Bulbs: African iris, amaryllis, anemone, bulbine, crinum, day lily, rain lily, ranunculus, society garlic, spider lily and narcissus; refrigerate Dutch iris, tulips, daffodils, hyacinths and similar bulbs needing a cold treatment before flowering.

 Lawn Care

  •  Fall is a good time to sod or plug problem areas in lawns; delay Bahia seeding until spring.

  • Sow winter ryegrass seed at end of November.

  • Complete fall feedings with a low phosphorus fertilizer during early November.

  • Lawns can dry quickly during the warmer days of November; water as permitted.

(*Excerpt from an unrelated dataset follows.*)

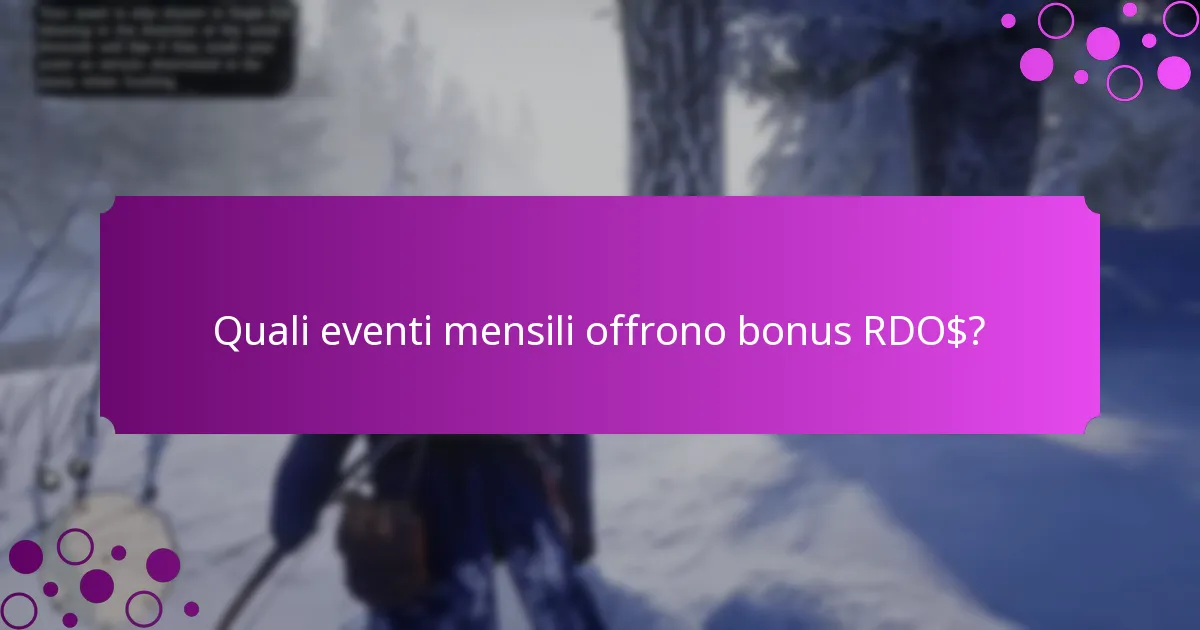 Quali eventi settimanali forniscono bonus RDO$?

  • Set irrigation times to once a week when Daylight Savings Time on Nov 2nd.

  • Water lawns separately from trees and shrubs that need less moisture.

  • Repair and adjust sprinklers to water efficiently

  • Chinch bug and caterpillar control may still be needed during warm fall weather.

  • Have lawn soil tested by the University of Florida lab before fertilizing.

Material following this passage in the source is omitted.